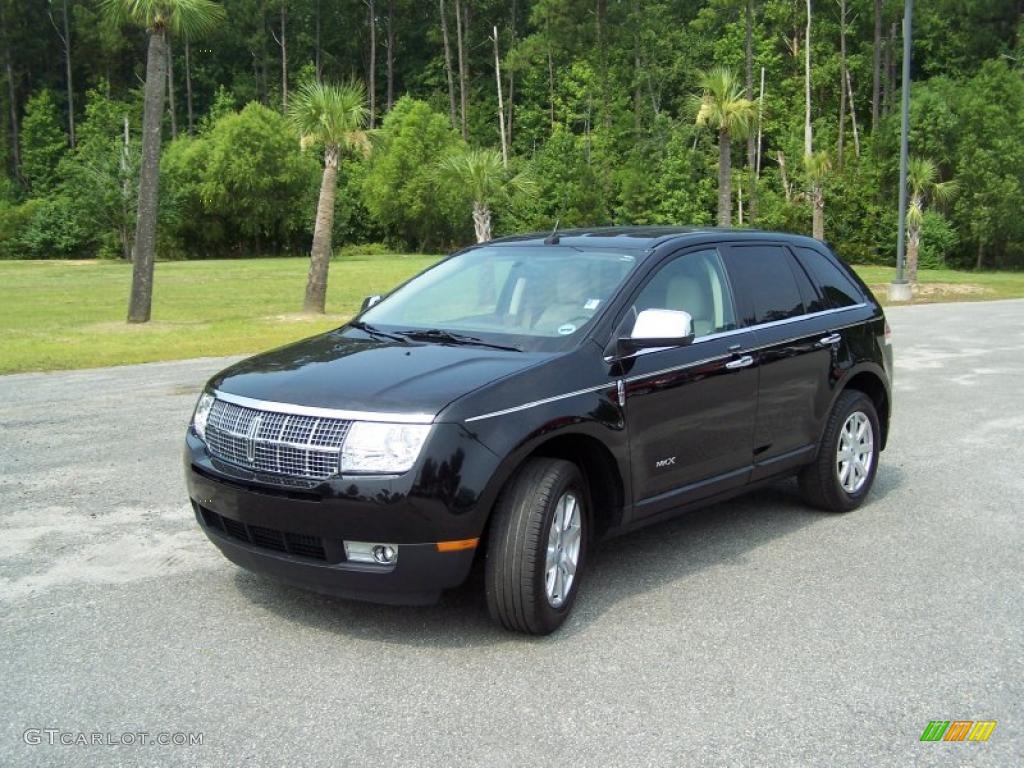 Black Lincoln MKX
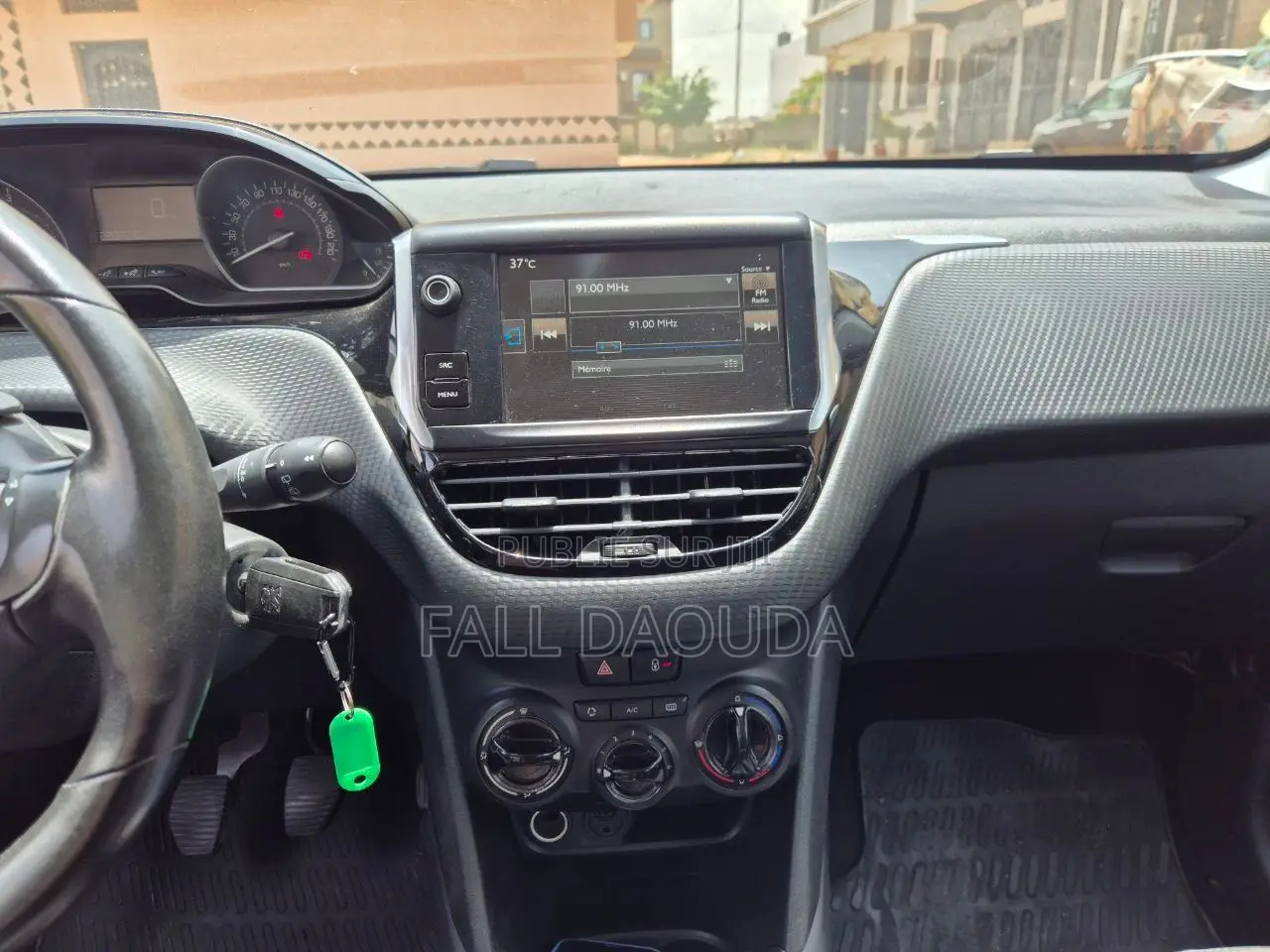 Peugeot 2008 2017 Blanc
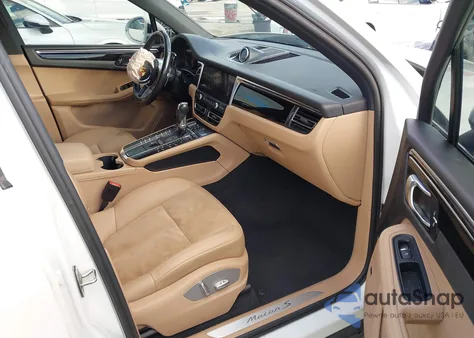 2021 Porsche Macan S from USA, damaged, VIN WP1AB2A50MLB31565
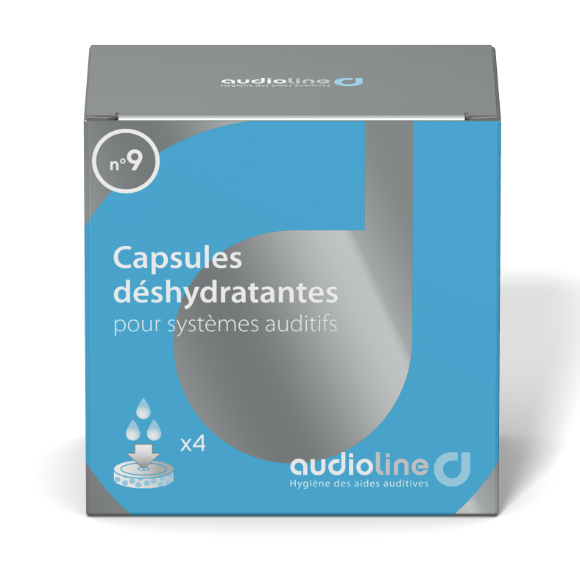 Capsules déshydratantes x4 30mm Audioline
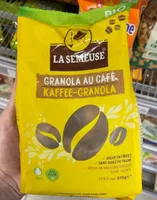 Granola au café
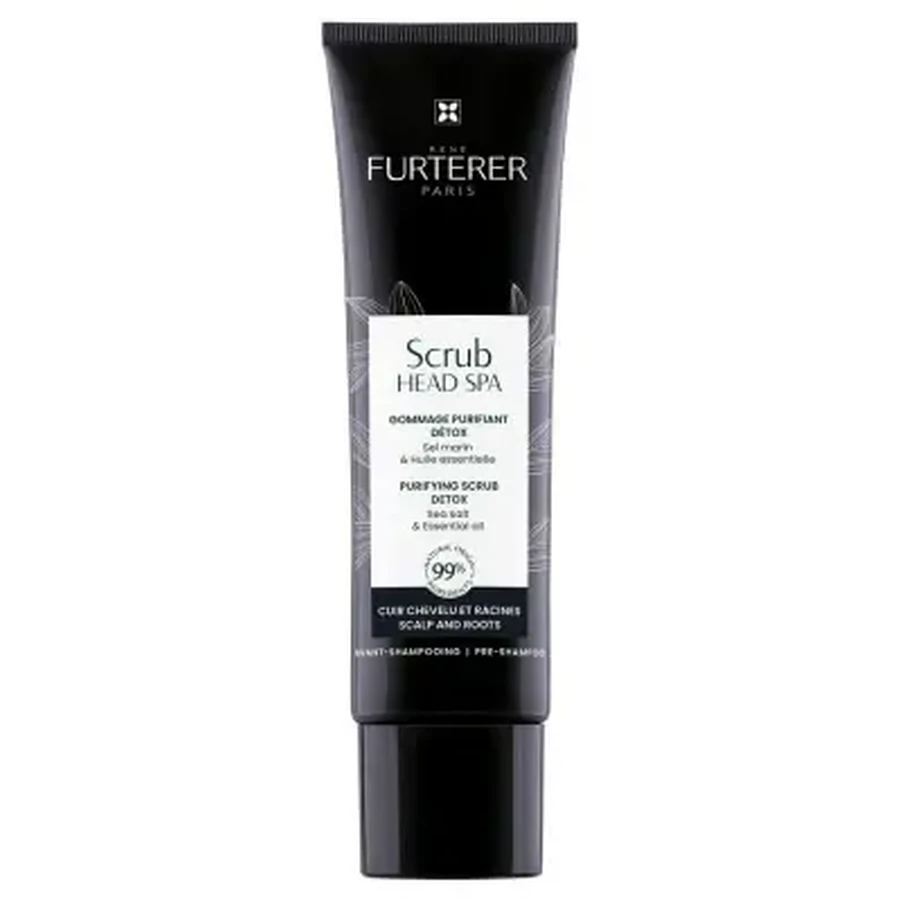 René Furterer Head Spa Scrub: очищувальний та детоксикуючий скраб для шкіри голови, 150 мл: ціни та характеристики
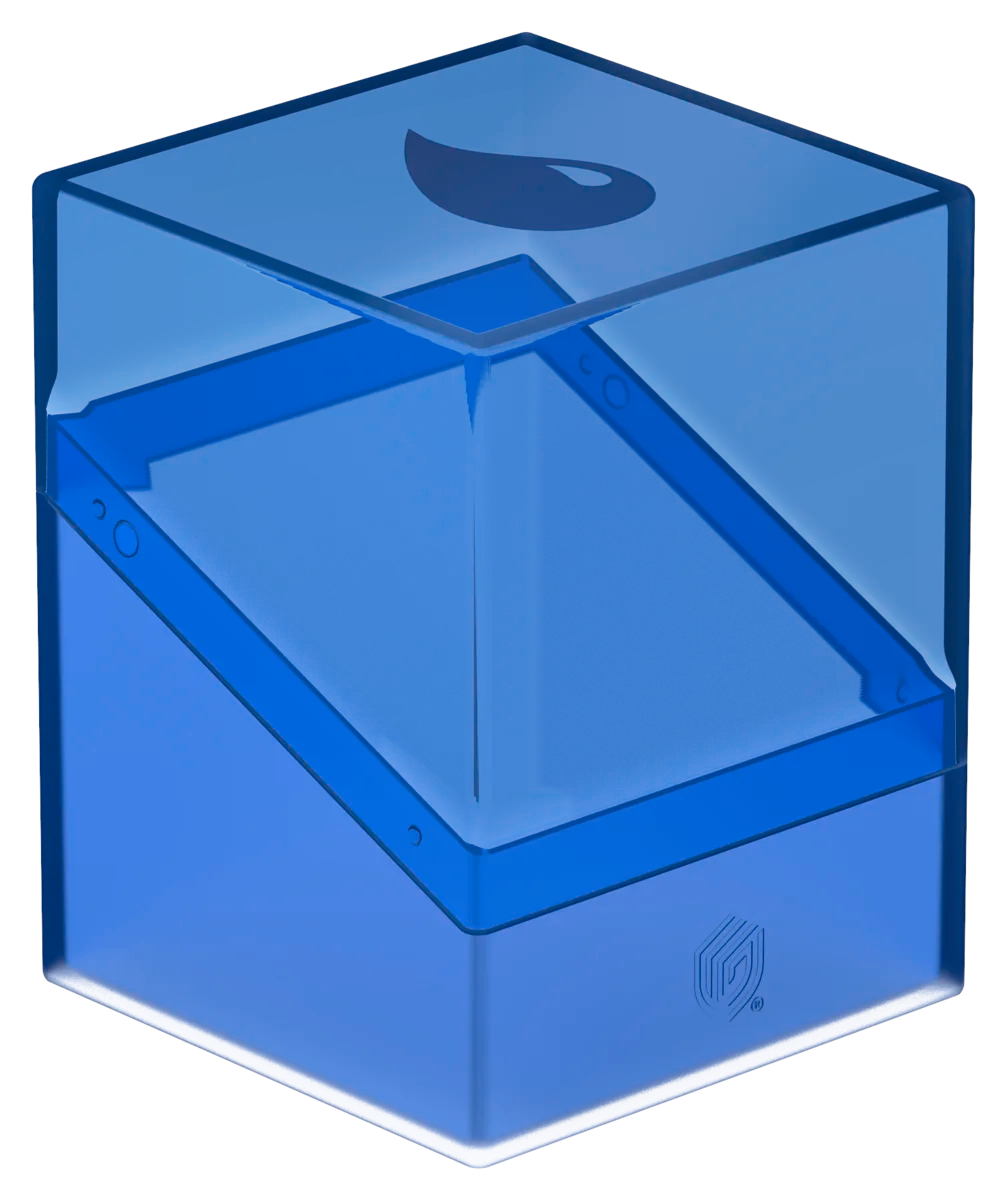 Ultimate Guard Boulder 100+ Hybrid: Magic The Gathering Mana Edition - Island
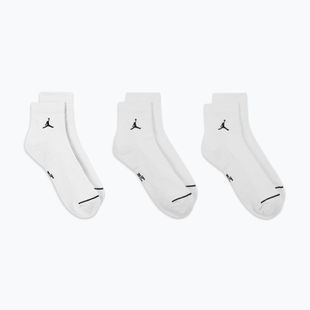 Чорапи Nike Jordan Everyday Ankle 3 чифта white/black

* * * * * * *

• What you have to do: Since the pictures are not part of the copy, transcribe only the remaining material, exactly.

• Completed task:
 Black Lincoln MKX
 Peugeot 2008 2017 Blanc
 2021 Porsche Macan S from USA, damaged, VIN WP1AB2A50MLB31565
 Capsules déshydratantes x4 30mm Audioline
 Granola au café
 René Furterer Head Spa Scrub: очищувальний та детоксикуючий скраб для шкіри голови, 150 мл: ціни та характеристики
 Ultimate Guard Boulder 100+ Hybrid: Magic The Gathering Mana Edition - Island
 Чорапи Nike Jordan Everyday Ankle 3 чифта white/black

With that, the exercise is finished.